Have I missed something?

Last edited: Sep 8, 2014
2. Sep 8, 2014

### BvU

Wow. Perhaps this is too difficult (read too much work) to tackle straight on.

When I look at the picture (good you made it!) I see that the only way to get F = 0 at B is if Fr is pointing straight at C. Because FC will be along the line BC.

So I would be inclined to say: now way, unless d1 = d2. Simplifies things a lot!

I sure hope this isn't a multiple choice question. Or am I completely off the rails with my limitation ?

3. Sep 8, 2014

### Rectifier

This is an A-question from high school physics in Sweden. It isn't a multiple choice question, sadly, and I don't have a solution nor any clues to this problem.

Here is what I get if we assume that $d_1=d_2$ and it becomes a square (and that the last equation is correct).
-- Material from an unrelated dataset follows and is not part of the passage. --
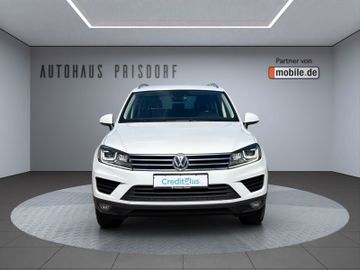 Volkswagen Touareg - 2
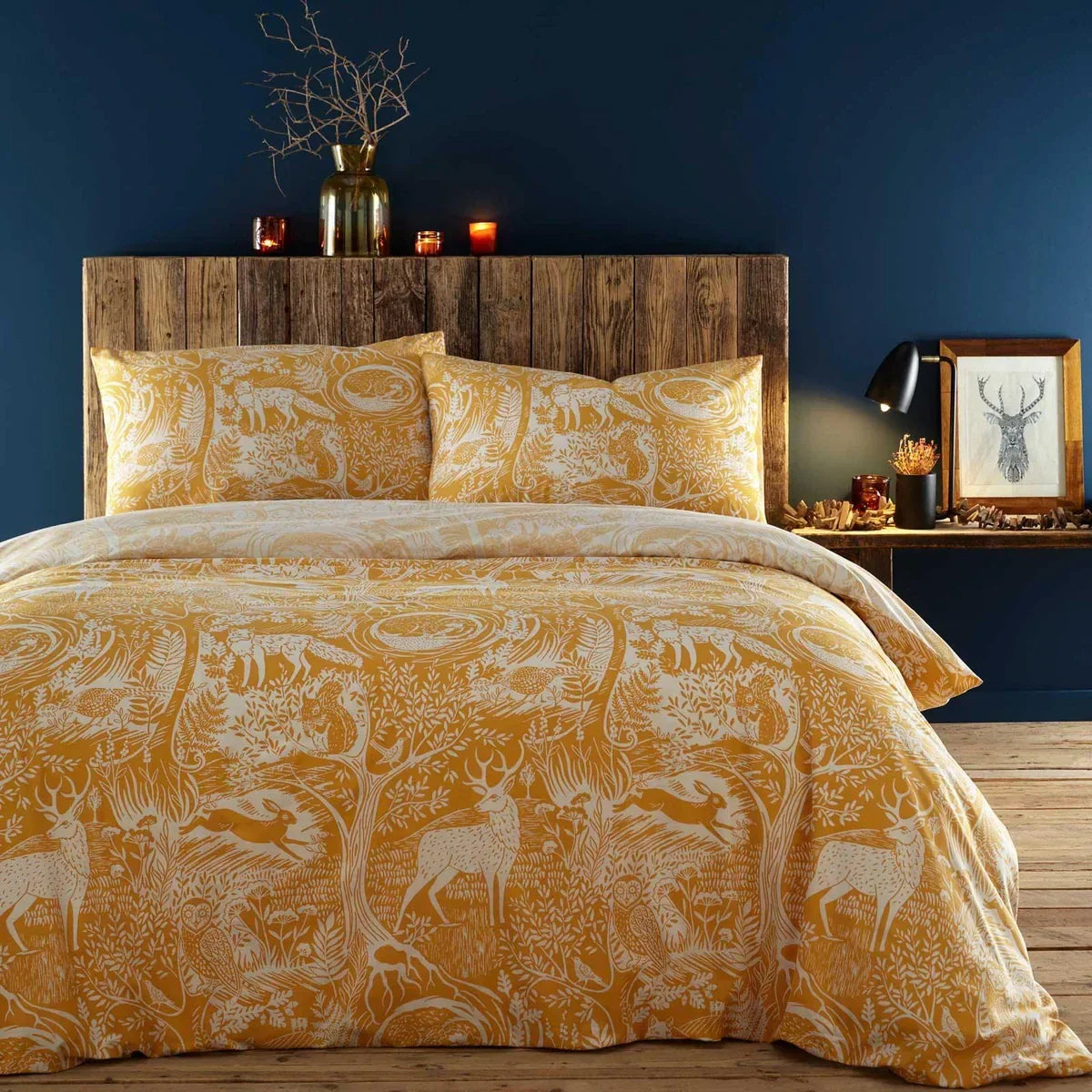 Skanto | Ochre Winter Animals Bedding Set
$$Q_c^2 =Q^2 \frac{d_1^4+d_2^4}{(d_1d_2)^4} \cdot (d_1^2+d_2^2)^2 \\ Q_c^2 =Q^2 \frac{d^4+d^4}{(d^2)^4} \cdot (d^2+d^2)^2 \\ Q_c^2 =Q^2 \frac{2d^4}{d^8} \cdot 4d^4 \\ Q_c = \pm Q \sqrt{8}$$

Maybe I have missed something somewhere and that's what makes it so difficult. I have been sitting with this problem for some days now :,(

4. Sep 8, 2014

### BvU

Well, there is no sign ambiguity in this exercise ! A and D push, so C has to pull...

The √8 coefficient is correct: a factor √2 to compensate for the angle and a factor 2 to compensate for the distance.
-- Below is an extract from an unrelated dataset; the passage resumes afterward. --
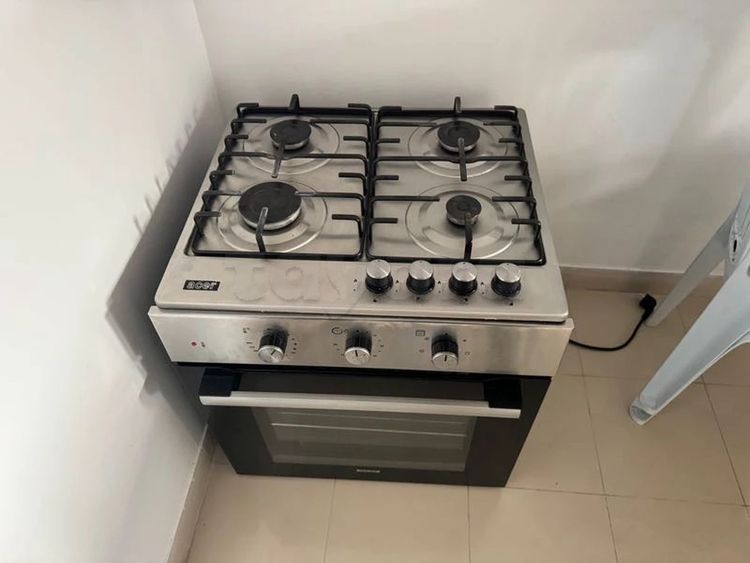 a vendre four et plaque Acer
I'm still looking for a way to prove that the thing can't be solved if $d_1 \ne d_2$.

(I see a typo in my first reply: I really meant NO way, not now way).
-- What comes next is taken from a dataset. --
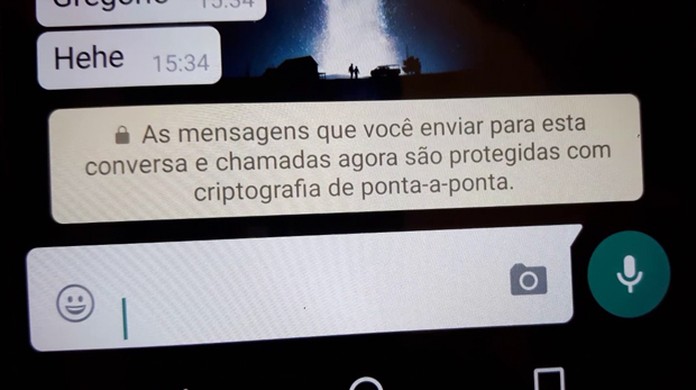 O que significam os tiques azuis, cinzas e duplos no WhatsApp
Oh, and: you do everything using squares and Pythagoras. If you decompose FC along the lines BD and BA you get two components, of which both have to compensate for FD and FA, respectively. Doesn't help much (gets you a d1/d3 and d2/d3) but perhaps there I'll find our 'impossible!' proof....

5. Sep 8, 2014

### vela

Staff Emeritus
Just playing around with this problem in my head, so I may have well made an algebra mistake. If you do as BvU suggests and compare components, I think you can get the following two equations:
\begin{eqnarray*}
Q_C &= Q\left(\frac{d_3}{d_1}\right)^3 \\
Q_C &= Q\left(\frac{d_3}{d_2}\right)^3.
\end{eqnarray*} These can only be satisfied simultaneously if $d_1=d_2$, right?

6. Sep 8, 2014

### Rectifier

Thank you both for the comments.

Here is the picture I have created to visualise your recuest.

I have tried a few things but cant get the same equations as vela:
\begin{eqnarray*}
Q_C &= Q\left(\frac{d_3}{d_1}\right)^3 \\
Q_C &= Q\left(\frac{d_3}{d_2}\right)^3.
\end{eqnarray*}

I hope so! :D

7. Sep 9, 2014

### BvU

$|F_c| = k {Q_c Q\over d_3^2}\$ Vertical component is $F_c \, d_2/d_3$

$|F_a| = k {Q Q\over d_2^2}$ So vertical sum = 0 $\Leftrightarrow$

${Q_c Q\over d_3^2} {d_2\over d_3} + {Q Q\over d_2^2} = 0 \ \Leftrightarrow \ Q_c = - Q\left( {d_3\over d_2}\right)^3$

8. Sep 9, 2014

### Rectifier

Oh so you used similarity to get that!

I guess that we can say that this problem is solved. Or what do you think?

Thank you for help both of you.

9. Sep 9, 2014

### BvU

I used the cosine of the angle. And yes, the problem can't be solved unless d1 = d2.